Exercise details:
Write back every line of the listing exactly, excluding images.

Given records:
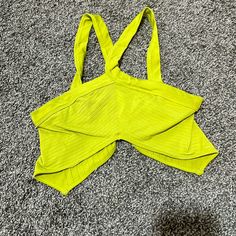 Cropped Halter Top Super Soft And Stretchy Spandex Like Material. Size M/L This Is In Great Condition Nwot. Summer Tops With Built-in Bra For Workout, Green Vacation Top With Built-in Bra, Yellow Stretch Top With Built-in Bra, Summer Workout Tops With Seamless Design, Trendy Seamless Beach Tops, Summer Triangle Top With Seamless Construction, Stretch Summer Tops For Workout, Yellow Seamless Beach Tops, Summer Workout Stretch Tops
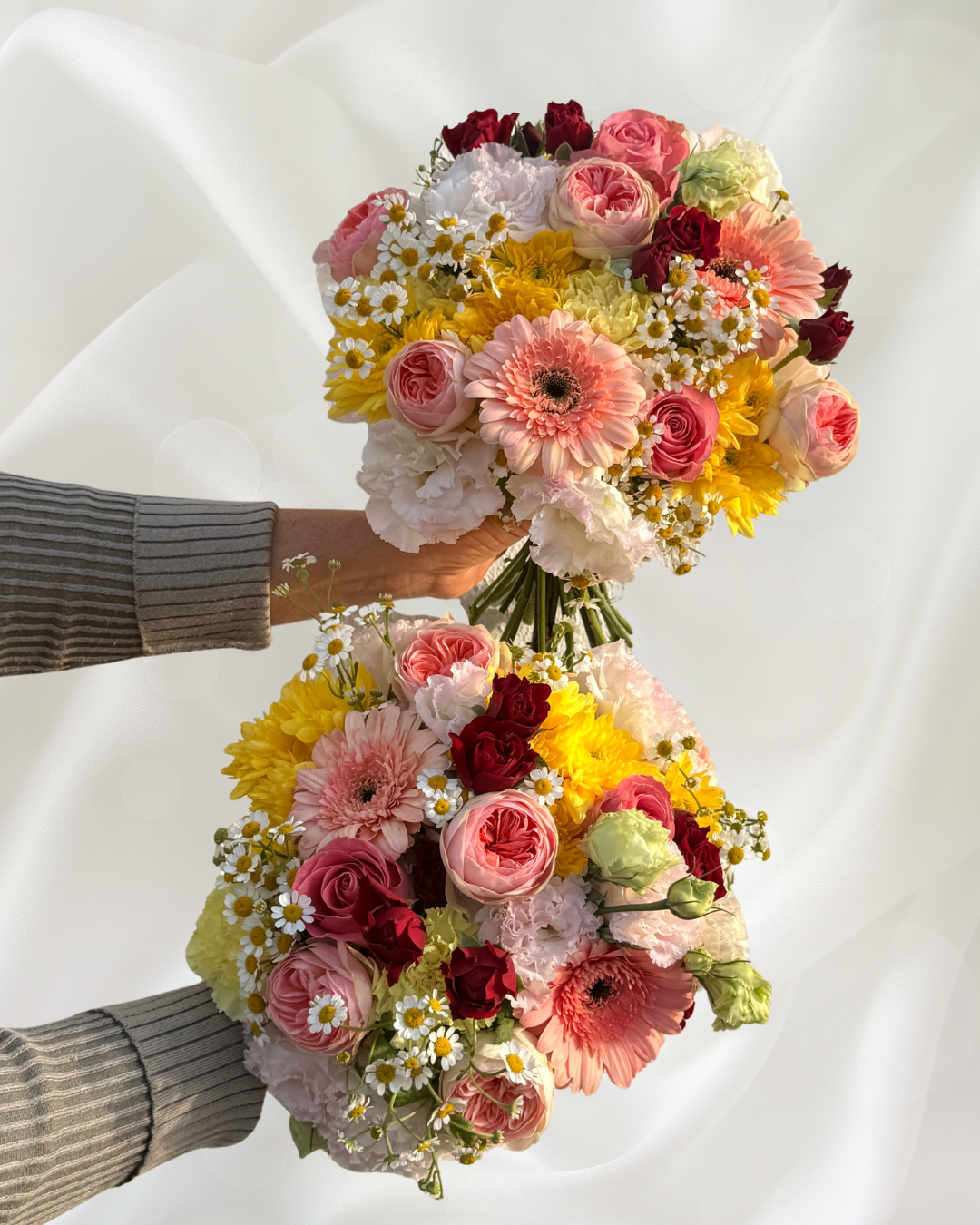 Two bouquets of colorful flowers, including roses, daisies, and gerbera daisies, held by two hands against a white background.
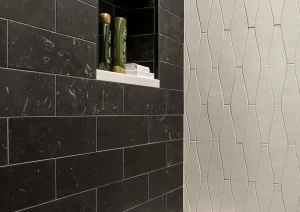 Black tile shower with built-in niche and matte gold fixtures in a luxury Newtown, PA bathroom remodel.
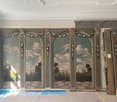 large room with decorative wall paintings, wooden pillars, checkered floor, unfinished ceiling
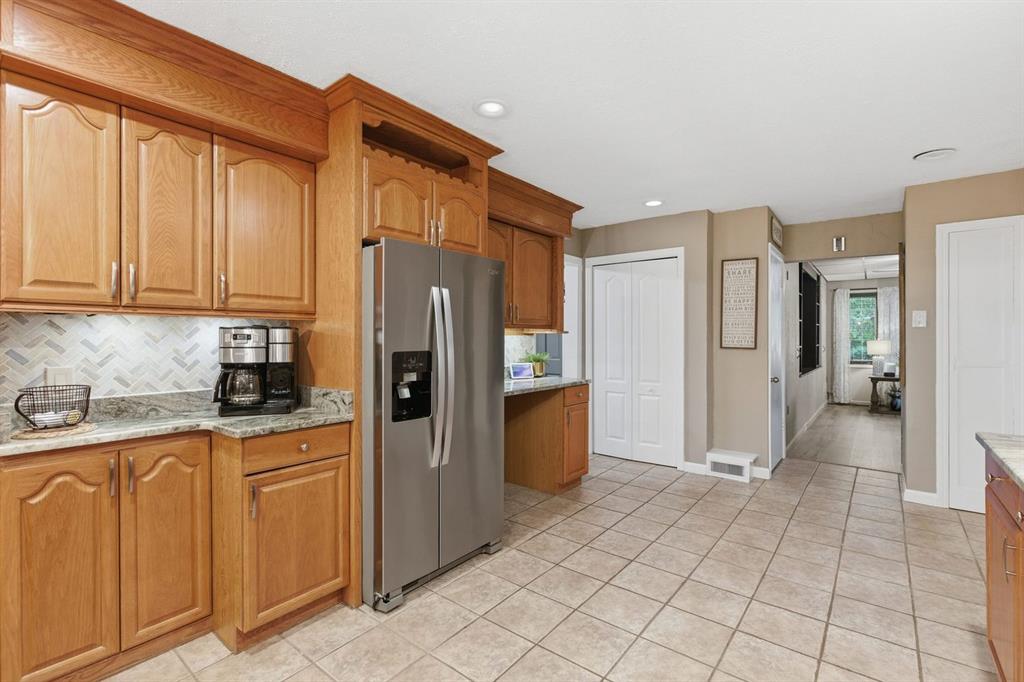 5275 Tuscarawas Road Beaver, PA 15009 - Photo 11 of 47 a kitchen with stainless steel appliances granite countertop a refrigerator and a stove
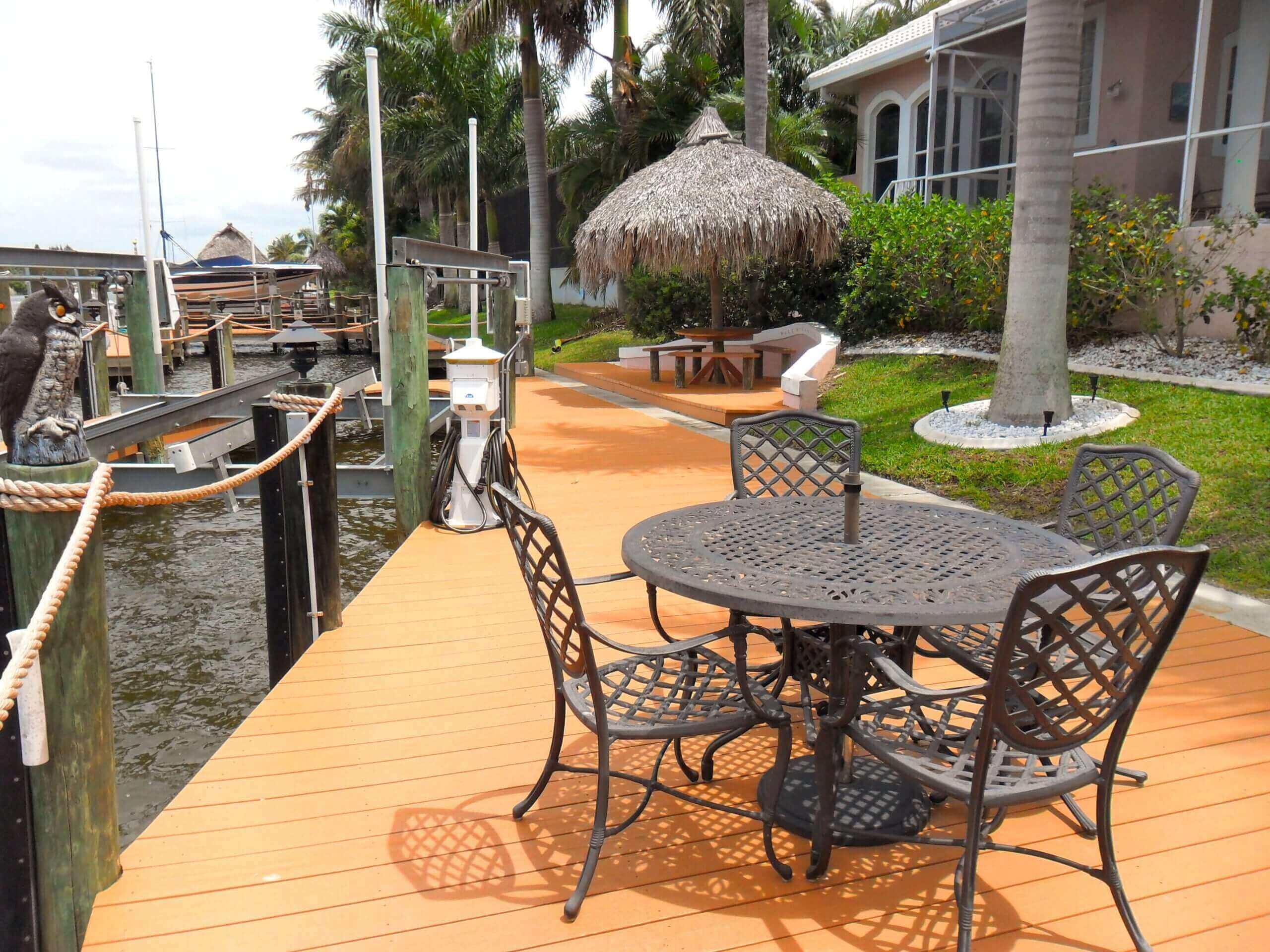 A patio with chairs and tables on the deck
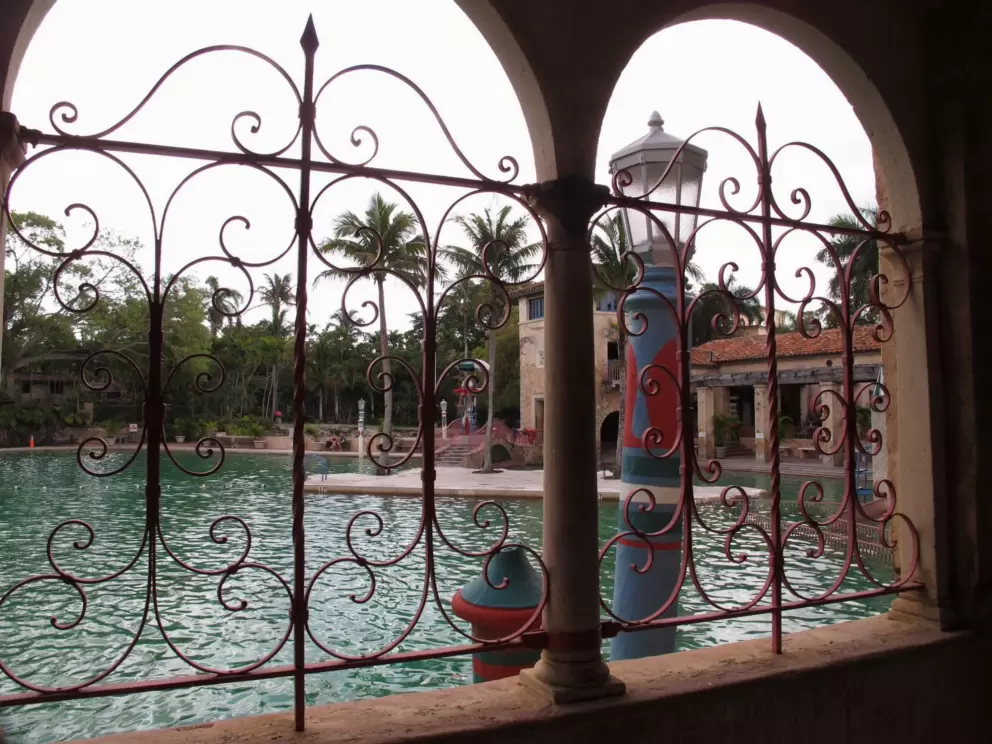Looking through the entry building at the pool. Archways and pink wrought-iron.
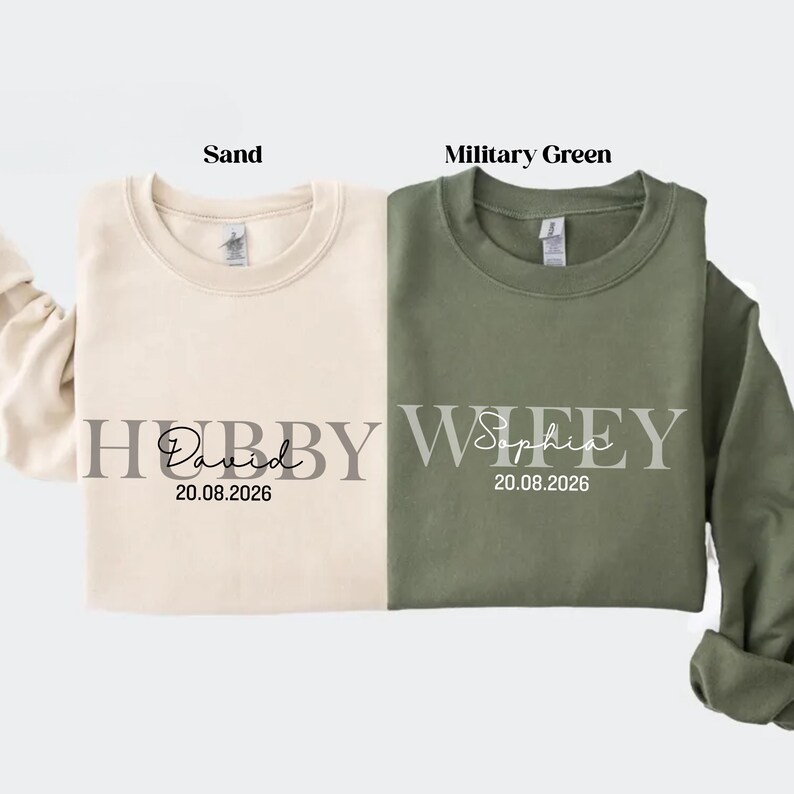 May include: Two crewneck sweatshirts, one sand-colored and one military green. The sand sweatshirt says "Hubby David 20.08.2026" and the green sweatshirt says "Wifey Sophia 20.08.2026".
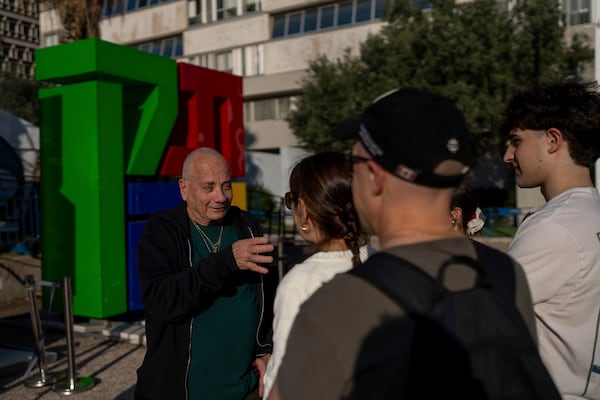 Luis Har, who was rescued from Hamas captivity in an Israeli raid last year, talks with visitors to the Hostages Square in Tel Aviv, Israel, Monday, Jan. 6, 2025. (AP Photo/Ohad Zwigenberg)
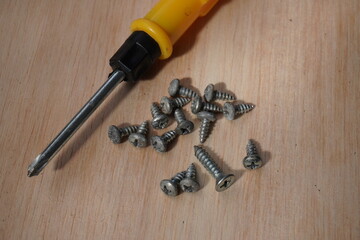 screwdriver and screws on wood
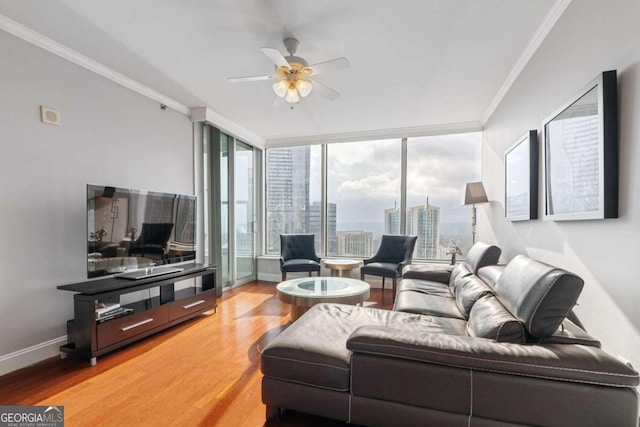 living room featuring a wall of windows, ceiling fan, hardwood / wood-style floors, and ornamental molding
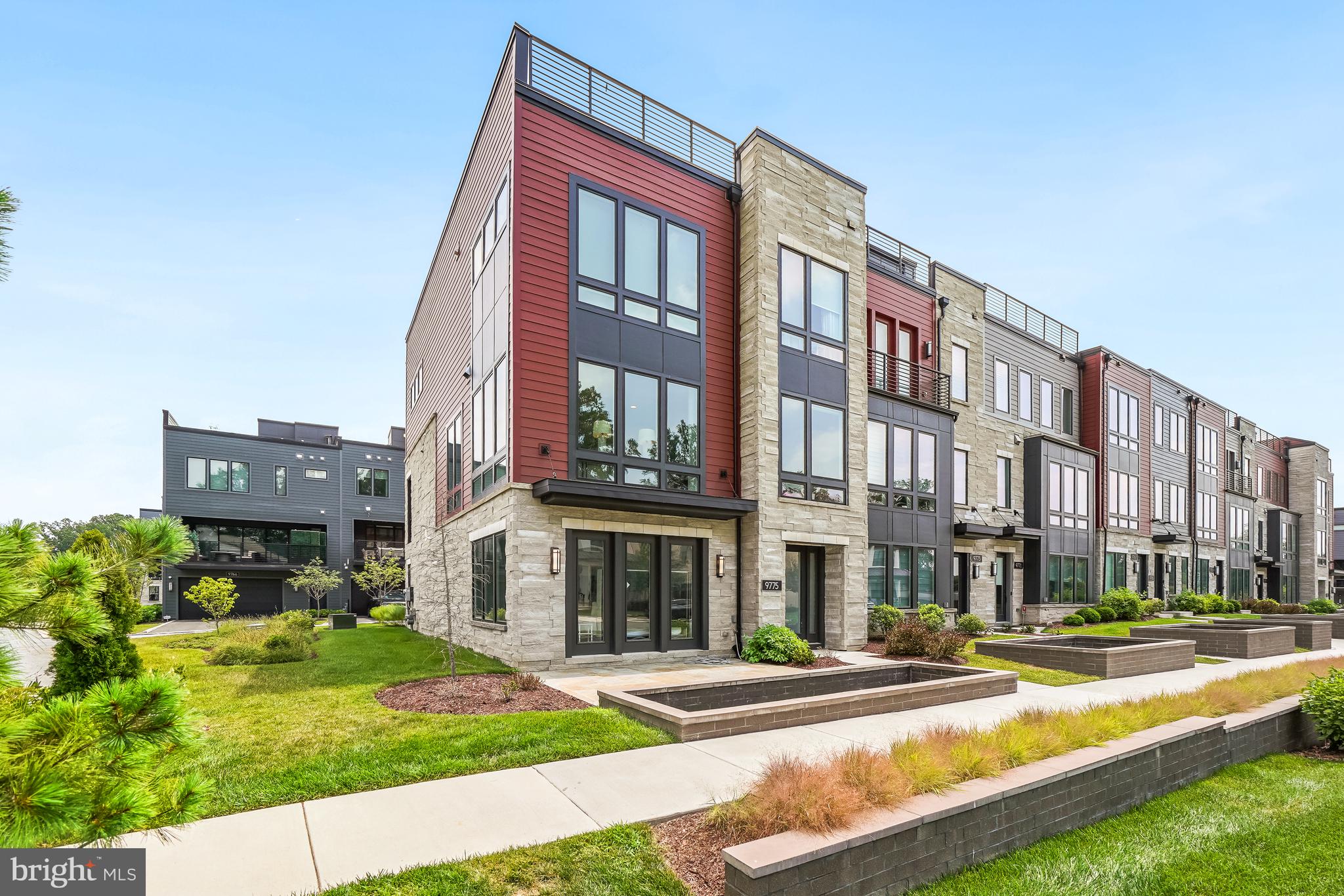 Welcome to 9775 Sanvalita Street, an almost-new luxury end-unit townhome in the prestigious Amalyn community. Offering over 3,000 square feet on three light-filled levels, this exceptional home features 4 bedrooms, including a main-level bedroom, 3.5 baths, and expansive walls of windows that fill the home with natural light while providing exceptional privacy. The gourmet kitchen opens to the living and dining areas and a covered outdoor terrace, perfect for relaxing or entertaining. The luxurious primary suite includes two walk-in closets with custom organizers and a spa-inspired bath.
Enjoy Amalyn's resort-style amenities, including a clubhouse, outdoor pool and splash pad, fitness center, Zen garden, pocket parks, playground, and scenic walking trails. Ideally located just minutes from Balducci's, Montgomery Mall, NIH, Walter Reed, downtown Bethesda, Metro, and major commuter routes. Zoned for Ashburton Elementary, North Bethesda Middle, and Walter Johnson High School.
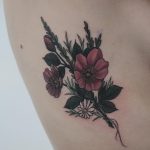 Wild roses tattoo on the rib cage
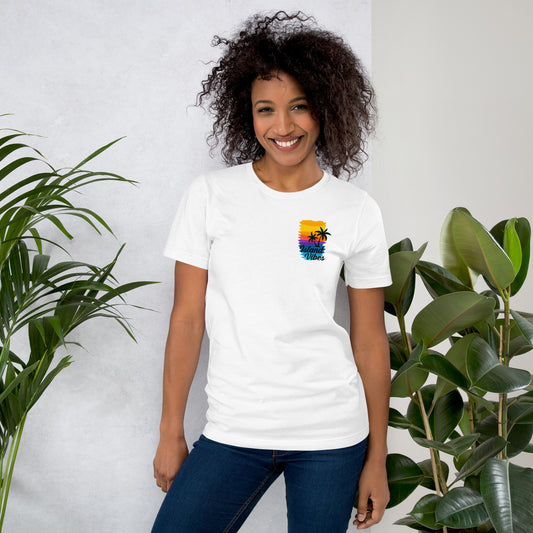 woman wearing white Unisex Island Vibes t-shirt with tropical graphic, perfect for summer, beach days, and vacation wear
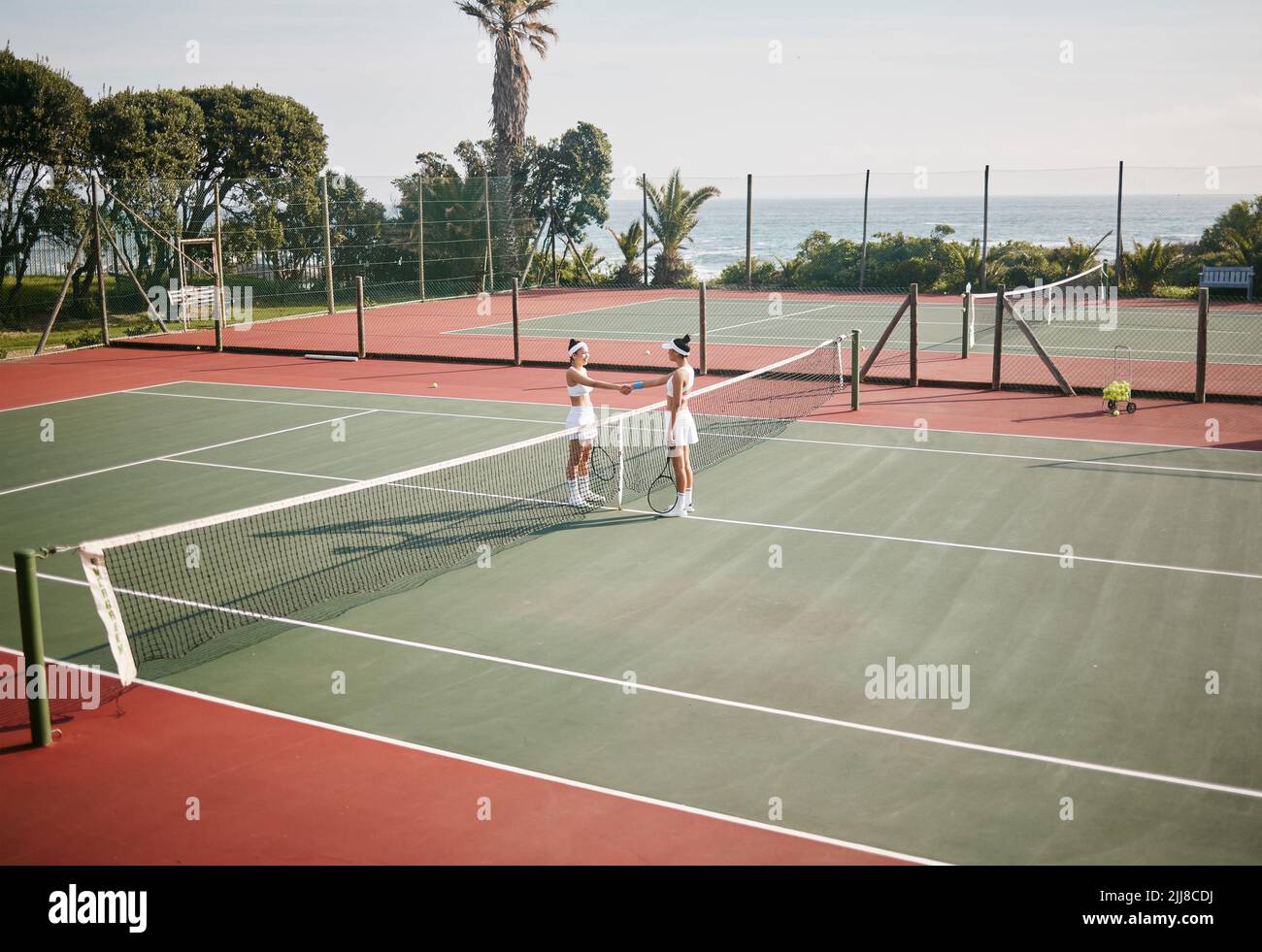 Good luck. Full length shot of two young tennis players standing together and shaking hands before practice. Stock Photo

Answer for this exercise:
 Cropped Halter Top Super Soft And Stretchy Spandex Like Material. Size M/L This Is In Great Condition Nwot. Summer Tops With Built-in Bra For Workout, Green Vacation Top With Built-in Bra, Yellow Stretch Top With Built-in Bra, Summer Workout Tops With Seamless Design, Trendy Seamless Beach Tops, Summer Triangle Top With Seamless Construction, Stretch Summer Tops For Workout, Yellow Seamless Beach Tops, Summer Workout Stretch Tops
 Two bouquets of colorful flowers, including roses, daisies, and gerbera daisies, held by two hands against a white background.
 Black tile shower with built-in niche and matte gold fixtures in a luxury Newtown, PA bathroom remodel.
 large room with decorative wall paintings, wooden pillars, checkered floor, unfinished ceiling
 5275 Tuscarawas Road Beaver, PA 15009 - Photo 11 of 47 a kitchen with stainless steel appliances granite countertop a refrigerator and a stove
 A patio with chairs and tables on the deck
Looking through the entry building at the pool. Archways and pink wrought-iron.
 May include: Two crewneck sweatshirts, one sand-colored and one military green. The sand sweatshirt says "Hubby David 20.08.2026" and the green sweatshirt says "Wifey Sophia 20.08.2026".
 Luis Har, who was rescued from Hamas captivity in an Israeli raid last year, talks with visitors to the Hostages Square in Tel Aviv, Israel, Monday, Jan. 6, 2025. (AP Photo/Ohad Zwigenberg)
 screwdriver and screws on wood
 living room featuring a wall of windows, ceiling fan, hardwood / wood-style floors, and ornamental molding
 Welcome to 9775 Sanvalita Street, an almost-new luxury end-unit townhome in the prestigious Amalyn community. Offering over 3,000 square feet on three light-filled levels, this exceptional home features 4 bedrooms, including a main-level bedroom, 3.5 baths, and expansive walls of windows that fill the home with natural light while providing exceptional privacy. The gourmet kitchen opens to the living and dining areas and a covered outdoor terrace, perfect for relaxing or entertaining. The luxurious primary suite includes two walk-in closets with custom organizers and a spa-inspired bath.
Enjoy Amalyn's resort-style amenities, including a clubhouse, outdoor pool and splash pad, fitness center, Zen garden, pocket parks, playground, and scenic walking trails. Ideally located just minutes from Balducci's, Montgomery Mall, NIH, Walter Reed, downtown Bethesda, Metro, and major commuter routes. Zoned for Ashburton Elementary, North Bethesda Middle, and Walter Johnson High School.
 Wild roses tattoo on the rib cage
 woman wearing white Unisex Island Vibes t-shirt with tropical graphic, perfect for summer, beach days, and vacation wear
 Good luck. Full length shot of two young tennis players standing together and shaking hands before practice. Stock Photo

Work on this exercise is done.